• First UIC freight train to london

  • Discussion about railroad topics everywhere outside of Canada and the United States.
Discussion about railroad topics everywhere outside of Canada and the United States.

Moderators: Komachi, David Benton

  by george matthews
 
According to this week's Rail magazine DB Schenker (the main freight company after they bought EWS) will send a full size train of swap bodies from Poland to Barking, to arrive on 11 November. No mention of the cargo or the originating station in Poland.

At last HS1 will see some freight for which it was designed. Presumably the train will arrive before the day's first Eurostar and the first domestic high speed trains.
  by george matthews
 
David Benton wrote:that train sure was a long time coming . when was the chunnel opened , mid nineties ????
Endless negotiations. HS1 will be useful for freight at night to a terminal in East London at Barking. I don't know what is supposed to happen there. Will it just be transferred to lorries? Or to British loading gauge trains?

First it had to wait for the HS1 line. Thatcher refused to authorise it as she thought the whole Eurotunnel should be paid for by the private sector. She didn't really want a rail tunnel at all but was advised that a drive-through tunnel wasn't possible. Even so the Treaty included a clause that Eurotunnel should research a drive through tunnel for later. I suspect they reported it wasn't feasible. So the tunnel opened without a high speed link and the Eurostar trains trundled through the Kent countryside on the third rail network until they got to the tunnel and noticeably speeded up. But rail freight was much less than estimated at the beginning. It all had to go on British loading gauge trains.

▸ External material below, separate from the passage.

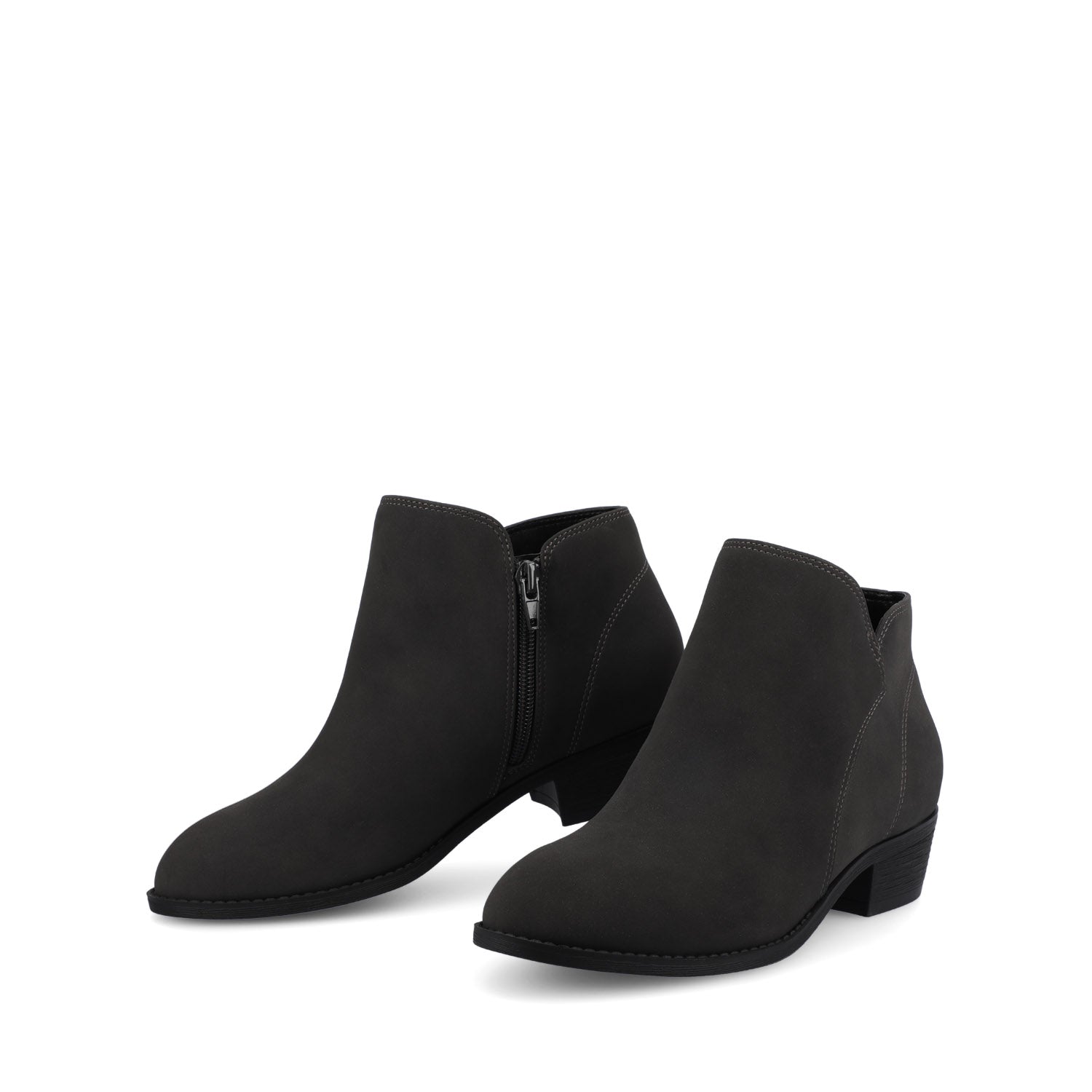 SOLARAH WESTERN ANKLE BOOTIE - Grey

It took the Labour government in 1997 to get HS1 built and that wasn't finished until quite recently. Now we have the terminal in Barking. Will there be a European loading gauge line beyond that? Possibly if HS2 is built but that is probably decades away, so Barking will be the terminal for a long time.
  by JayBee
 
The illegal immigrant problem was devastating to railfreight through the tunnel. Both the damage to tarps covering loads as they tried to hide from UK Border Patrol. And then the UK Government's attempt to fine EW&S for each illegal who managed to gain entry, even though EW&S could do little until the French first installed heavier fencing around the refuge camp near the French Portal of the Chunnel, and eventually moved the camp.

The first trains using HS1 will be almost all Intermodal including the MegaBox containers.
  by Sir Ray
 
JayBee wrote:The illegal immigrant problem was devastating to railfreight through the tunnel. Both the damage to tarps covering loads as they tried to hide from UK Border Patrol. And then the UK Government's attempt to fine EW&S for each illegal who managed to gain entry, even though EW&S could do little until the French first installed heavier fencing around the refuge camp near the French Portal of the Chunnel, and eventually moved the camp.
I vaguely remembered reading about this back then, and so I just did a search on old articles archives - even back then the media was calling the situation bizarre, that EWS was doing all it was required to and could do given the situation, and that the UK government was simply lying thru it's teeth.
The French government (and SNCF) had very poor security at the French freight terminal, and so illegal immigrants would basically climb onto the UK-bound trains with little to stop them. SNCF was in charge of the terminal, EWS seems to have had no control in the situation, no matter how much they protested.
The trains would come thru to the Chunnel to the EWS terminal, where they would be scanned and the illegal immigrants detained and delivered to British authorities - but then it becomes absurd, as EWS was fined GBP2000 for each immigrant they found by following the law (sounds like they should have just let the immigrants sneak away). The articles sort of end with cross-channel freight business in a shambles, EWS (rightfully) refusing to pay the fines and suing the government, and the UK government making contradictory and incorrect statements about the whole matter.
How was this issue with the fines resolved, and why was the government so insistant on imposing them in the first place - I could not get this from the article archives I checked?
  by ExCon90
 
I remember reading about that at the time as well, but I never heard how or whether the fines were resolved. A major reason for lack of cooperation from the French in keeping immigrants off the trains was that the French found it as good a way as any to get rid of the immigrants and let them be Britain's problem. There was much suspicion at the time that the French were merely looking the other way.
  by george matthews
 
http://www.eurotunnelgroup.com/uploaded ... HS1-UK.pdf

Eurotunnel own Europorte, indeed created this company. This freight company operates in France as well as Britain.

They also own GB Railfreight when they bought the company, which was a start-up by one of the franchising companies.
Europorte Channel can now use its 11 Class 92s throughout the UK network and through the
Channel Tunnel, meaning that there is only one locomotive change necessary when arriving in
France, where the Class 92s are still unauthorised.
I think there needs to be a locomotive at each end of a freight train.